Scraped caption text data

★ ★ ★ ★

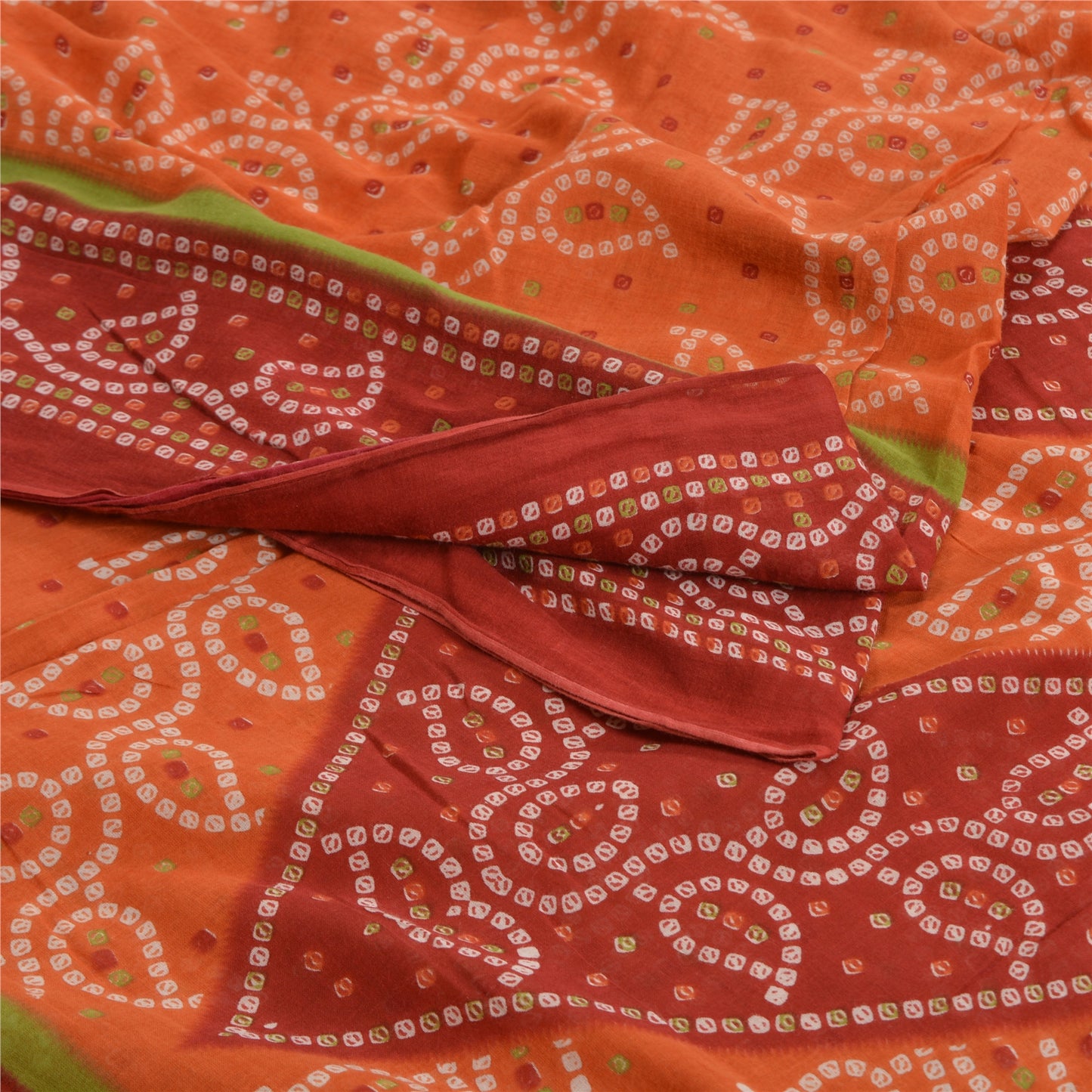 Sanskriti Vintage Sarees Orange/Red Bandhani Print Pure Cotton Sari Craft Sustainable Fabric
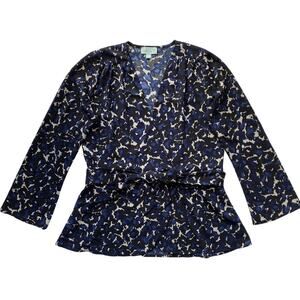 Veronica M. Blue Black Watercolor‎ Abstract Print Wrap Tie Blouse V-Neck Small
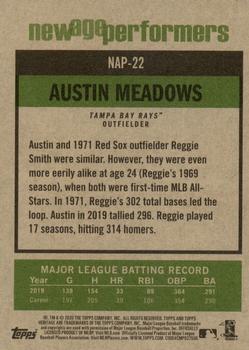 2020 Topps Heritage - New Age Performers #NAP-22 Austin Meadows Back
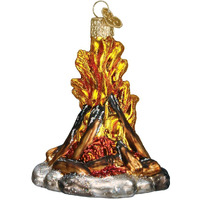 Old World Christmas Ornaments: Camping Outdoor Collection Glass Blown Ornaments For Christmas Tree, Campfire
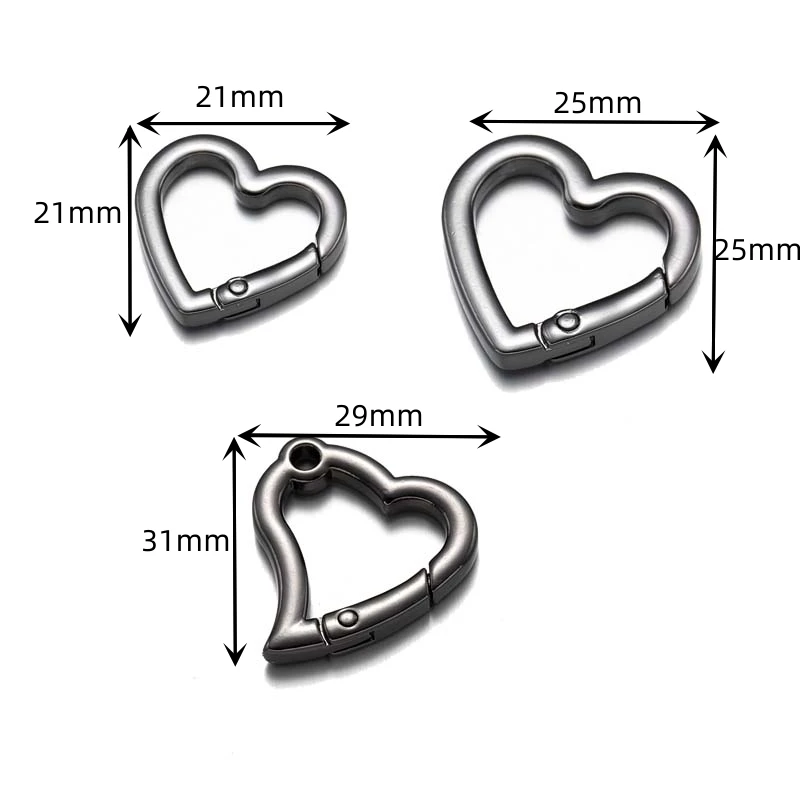 5pcs/Lot 21X21/25X25/21X29mm Metal Heart Shape Spring Clasps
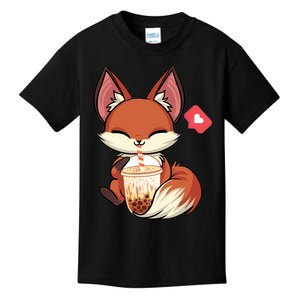 Kawaii Anime Fox Drinking Boba Bubble Tea Japanese Gift Kids T-Shirt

★ ★ ★ ★

• _WHAT YOU SHOULD DO_: Every entry should be returned exactly as written, minus the pictures.

• _OUTPUT OF THE TASK_:
 Sanskriti Vintage Sarees Orange/Red Bandhani Print Pure Cotton Sari Craft Sustainable Fabric
 Veronica M. Blue Black Watercolor‎ Abstract Print Wrap Tie Blouse V-Neck Small
 2020 Topps Heritage - New Age Performers #NAP-22 Austin Meadows Back
 Old World Christmas Ornaments: Camping Outdoor Collection Glass Blown Ornaments For Christmas Tree, Campfire
 5pcs/Lot 21X21/25X25/21X29mm Metal Heart Shape Spring Clasps
 Kawaii Anime Fox Drinking Boba Bubble Tea Japanese Gift Kids T-Shirt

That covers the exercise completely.